# Overseeding Zoysia with KBG



## jemerson2196 (Jul 16, 2019)

Positives / negatives with over seeding Zoyzia grass with KBG? Is it possible?


----------



## Green (Dec 24, 2017)

Like "Bluemuda"?

I guess you could call it Zoysiblue.


----------



## critterdude311 (Apr 21, 2018)

jemerson2196 said:


> Positives / negatives with over seeding Zoyzia grass with KBG? Is it possible?


Not recommended, especially if the zoysia is already established. The density of the zoysia will prevent decent germination rates, unless you heavily core aerate and dethatch, which would be a bad idea on the zoysia this time of year in Jersey.

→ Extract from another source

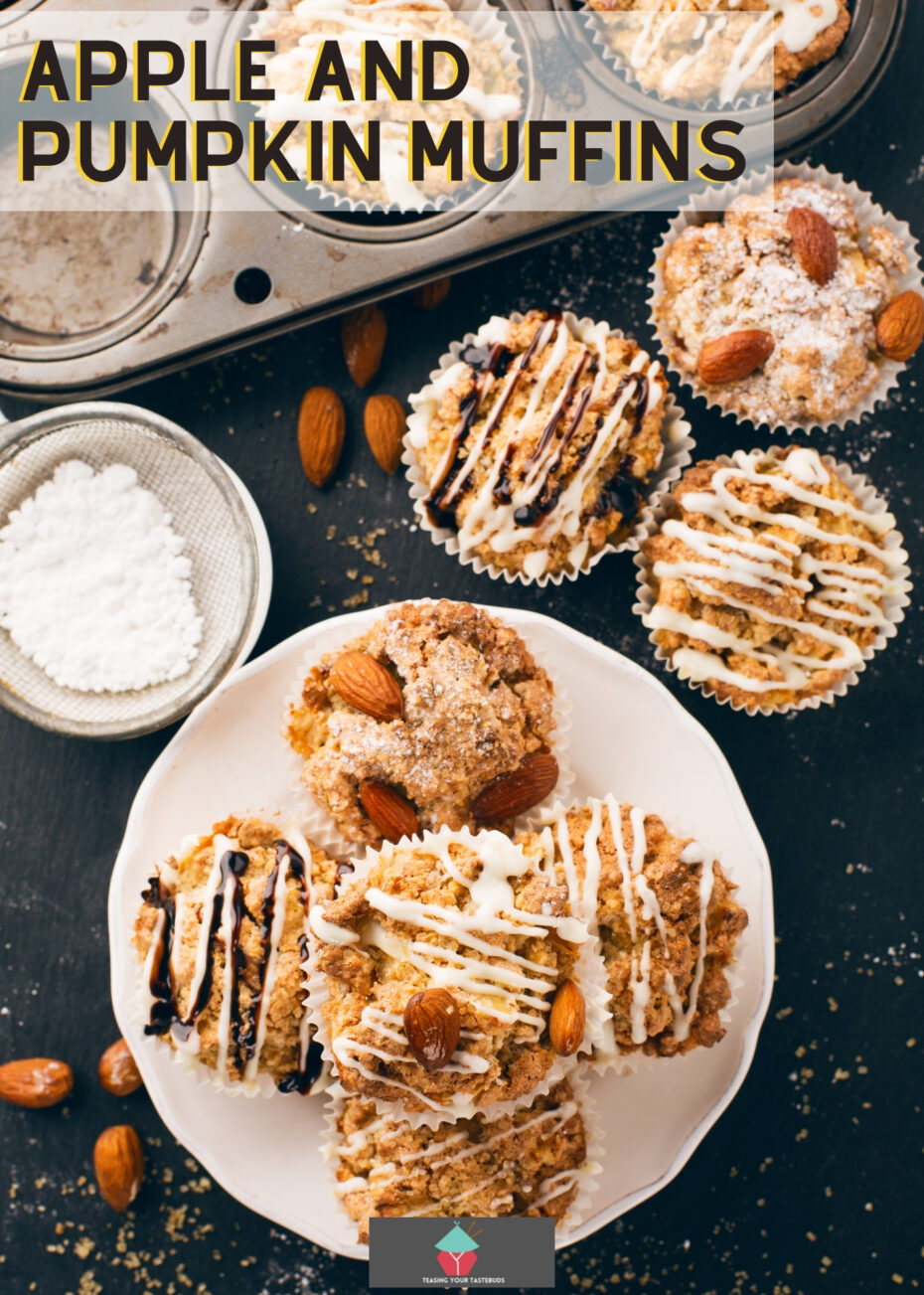 Apple and Pumpkin Muffins Apple and Pumpkin Muffins! These breakfast muffins are full of the flavors of Fall with pumpkin, apple and cinnamon with a delicious streusel topping. A really easy recipe and that topping is so good!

If you insist on overseeding the zoysia your best bet is probably perennial ryegrass due to the faster germination rates and establishment, but I still wouldn't recommend it because the density of the zoysia will cause it to look blotchy. Turf paint or colorant might be worth looking at as an alternative.


----------



## critterdude311 (Apr 21, 2018)

Just saw you were looking at seeding zenith in another post so this would presumably be something you try and seed at the same time. The window for seeding zenith in Jersey has passed so you would need to wait until next May to try it. My gut tells me it wouldn't work out too well, but only you can decide for yourself if it's worth it. Maybe a small test plot for experimenting, but I would not try this on all 10K square feet at once.


----------



## Suburban Jungle Life (Mar 1, 2018)

Zoysia grows thick enough it would choke out most other grasses. You would end up with random plants throughout the zoysia which somehow survived. If you wanted the uniform green look for winter, I would scalp it to 1" or so and then verticut it in 2 directions. Mow and bag all the mess. Then seed rye. It'll probably look pretty good maintained at 2" but might be a little patchy. Then, probably spray it out in the spring time when the zoysia comes back. I know this is a common bermuda practice but I guess you could do it with zoysia. Maybe try the front yard this year to see if it is worth bothering doing it all in the future.


----------